HOW TO COMPLETE THIS TASK
In the entries below, begin at the line that has "Gartenlounge-Set Gaia Ⅵ（6-tlg）" and stop after the line that has "환기 시 주의사항을 설명하는"; output those lines exactly, leaving out pictures.

DATASET RECORDS
■ ■ ■ ■ ■

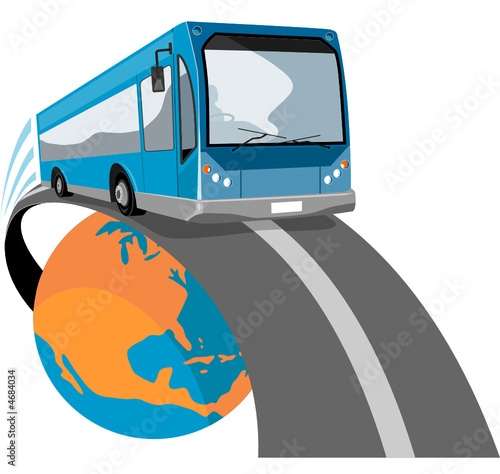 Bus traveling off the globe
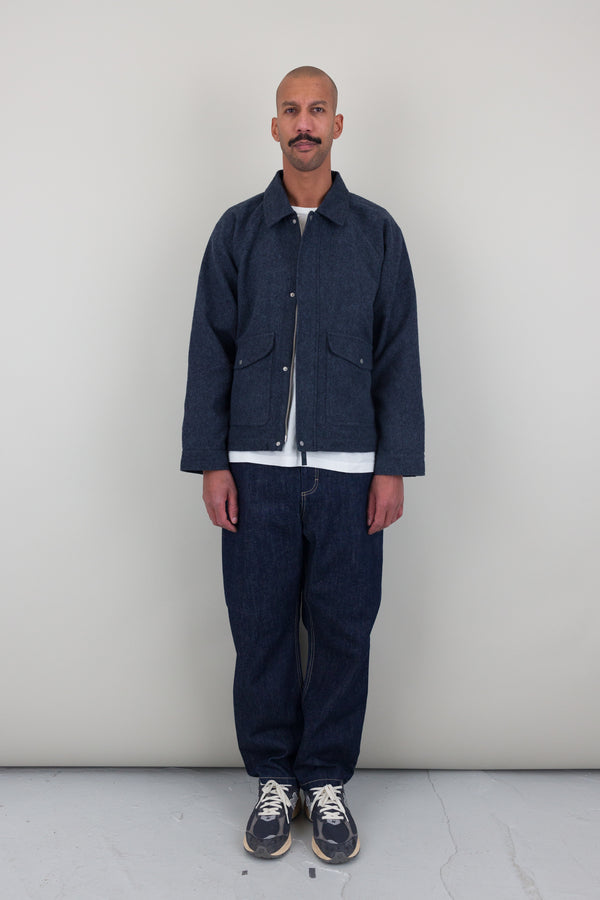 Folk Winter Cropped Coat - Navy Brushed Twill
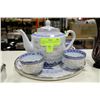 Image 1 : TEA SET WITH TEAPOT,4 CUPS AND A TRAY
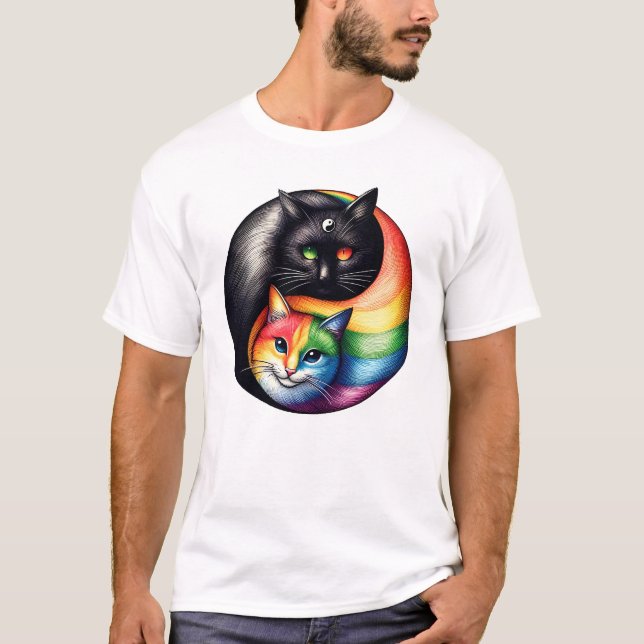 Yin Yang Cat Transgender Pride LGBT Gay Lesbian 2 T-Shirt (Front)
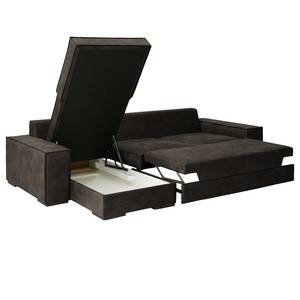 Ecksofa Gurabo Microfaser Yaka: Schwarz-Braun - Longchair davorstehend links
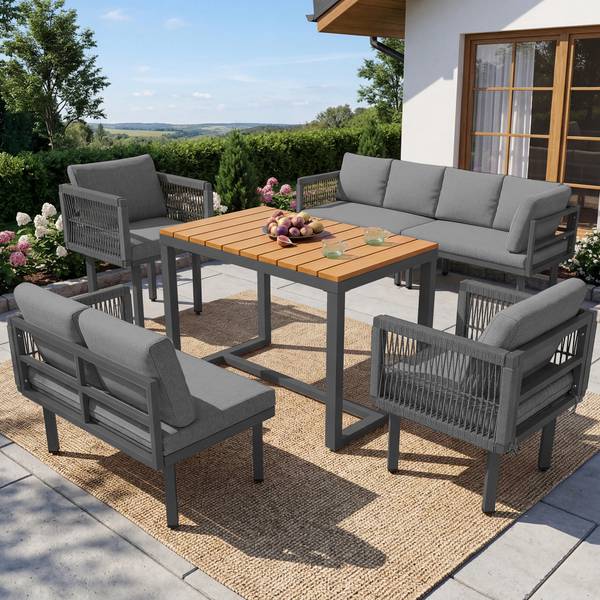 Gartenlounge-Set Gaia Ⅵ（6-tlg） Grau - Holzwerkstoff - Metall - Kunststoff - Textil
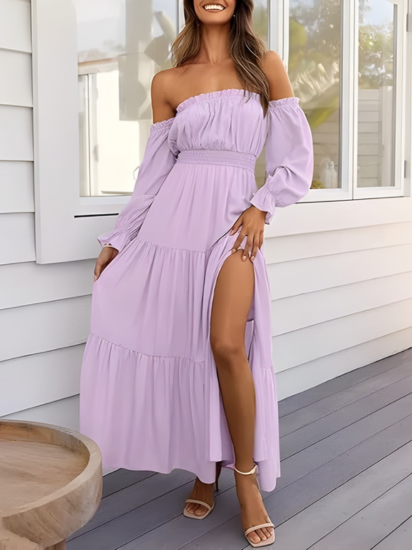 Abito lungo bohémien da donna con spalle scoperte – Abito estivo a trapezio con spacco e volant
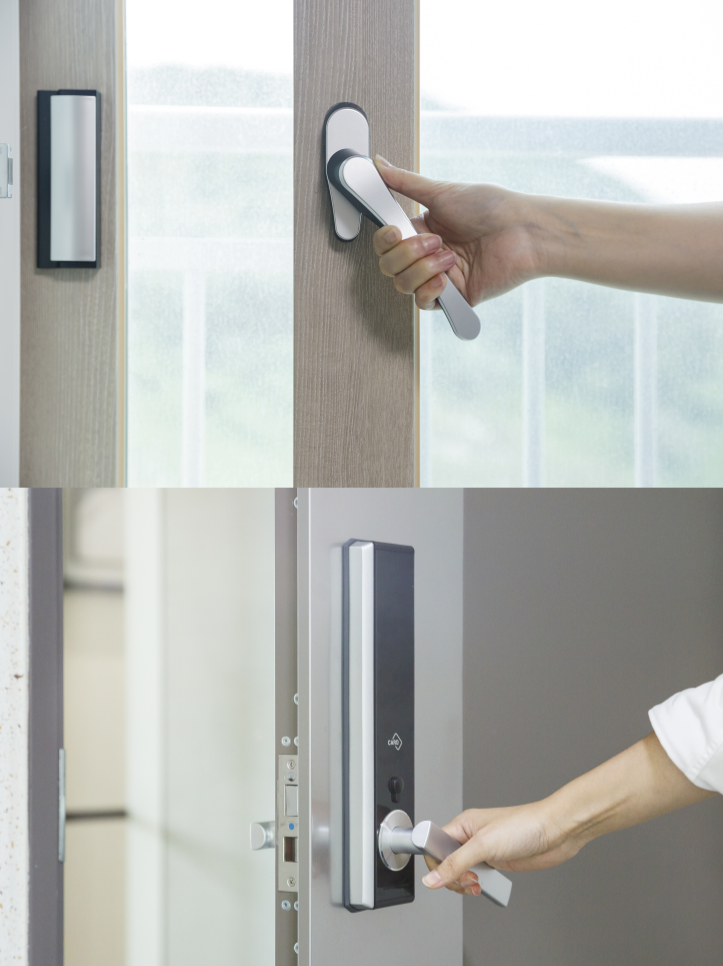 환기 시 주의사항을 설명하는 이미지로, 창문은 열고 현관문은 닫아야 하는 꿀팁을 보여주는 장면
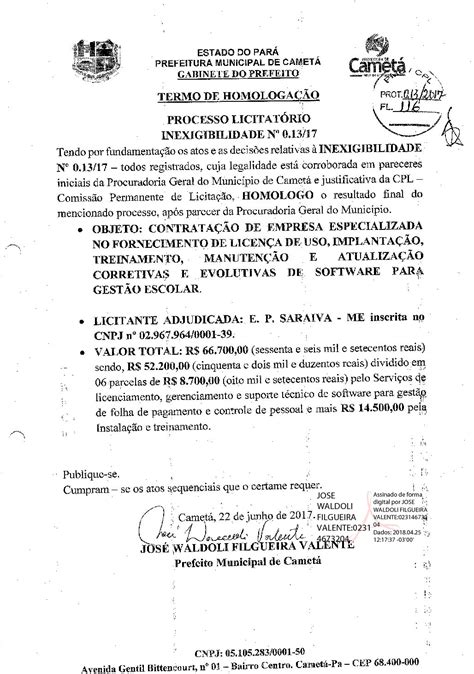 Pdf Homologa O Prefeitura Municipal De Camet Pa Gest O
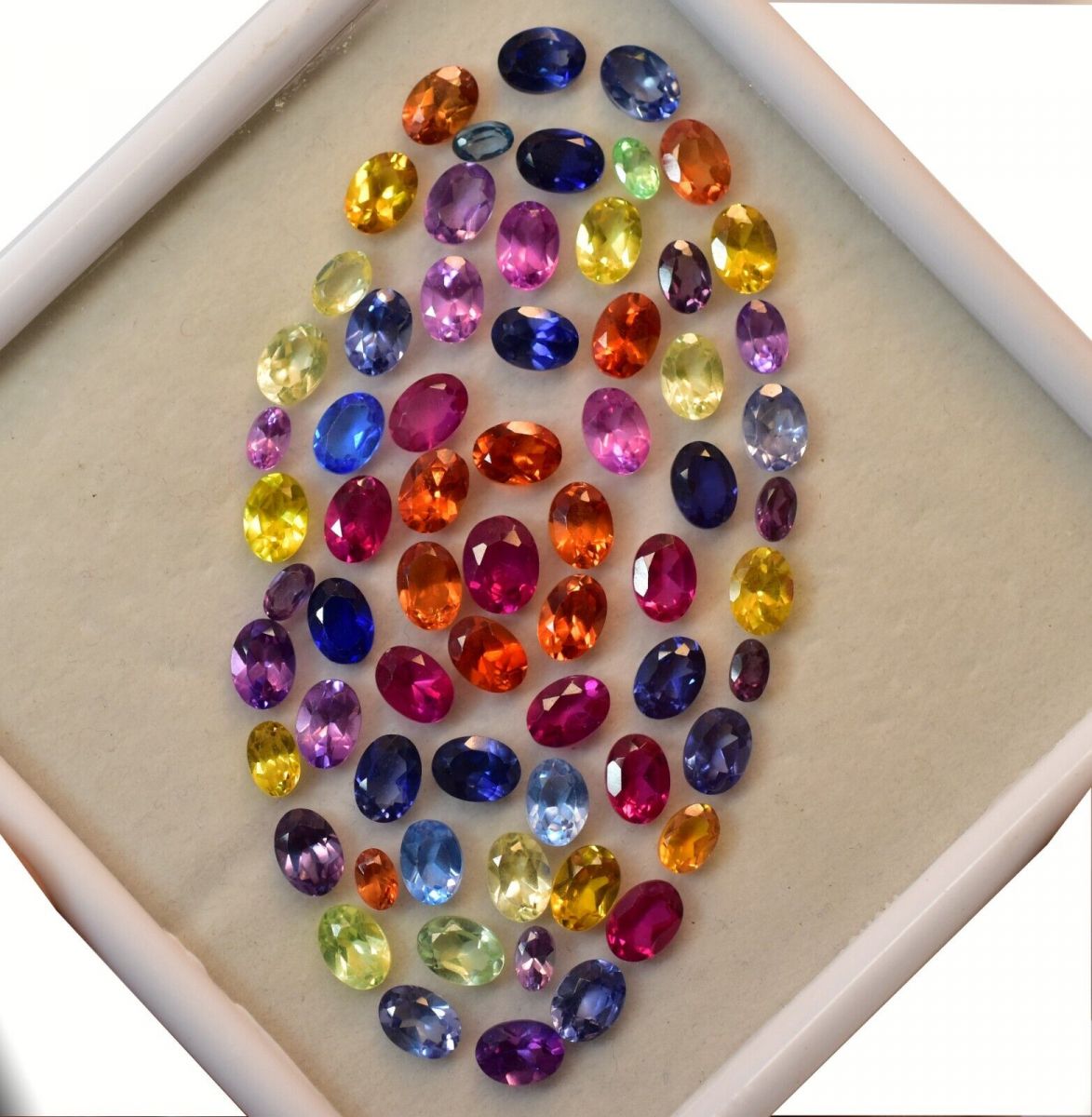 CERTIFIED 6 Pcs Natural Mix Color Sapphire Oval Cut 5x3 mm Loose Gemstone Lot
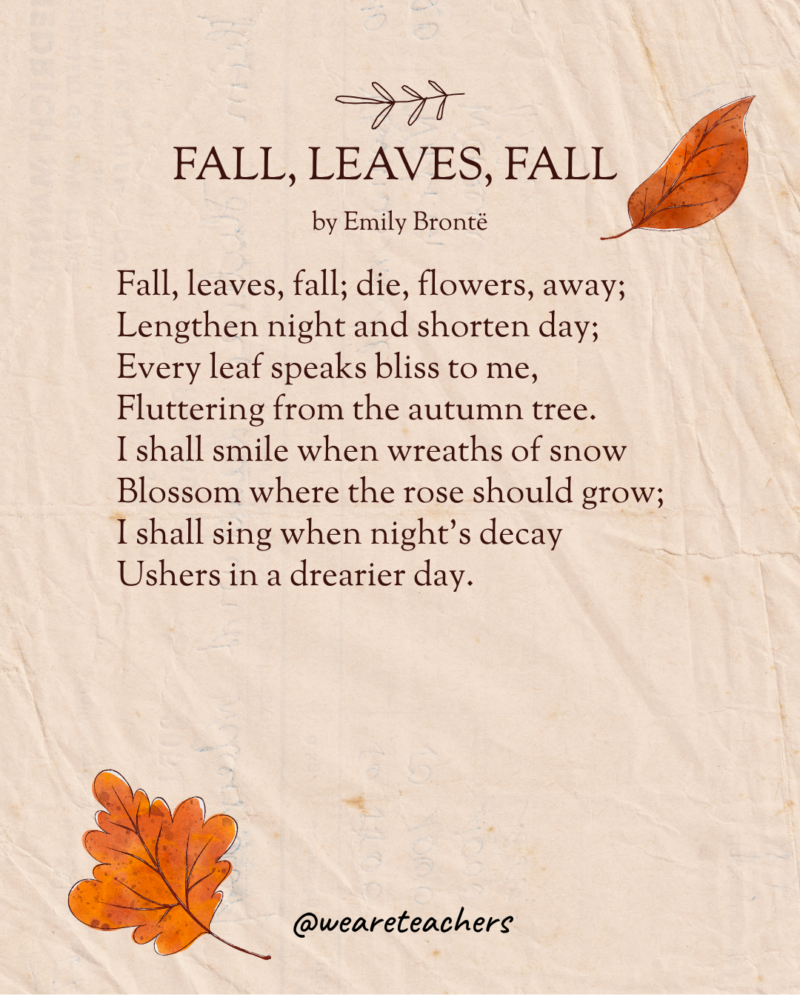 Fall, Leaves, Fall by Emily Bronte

■ ■ ■ ■ ■

ANSWER SPACE
 Gartenlounge-Set Gaia Ⅵ（6-tlg） Grau - Holzwerkstoff - Metall - Kunststoff - Textil
 Abito lungo bohémien da donna con spalle scoperte – Abito estivo a trapezio con spacco e volant
 환기 시 주의사항을 설명하는 이미지로, 창문은 열고 현관문은 닫아야 하는 꿀팁을 보여주는 장면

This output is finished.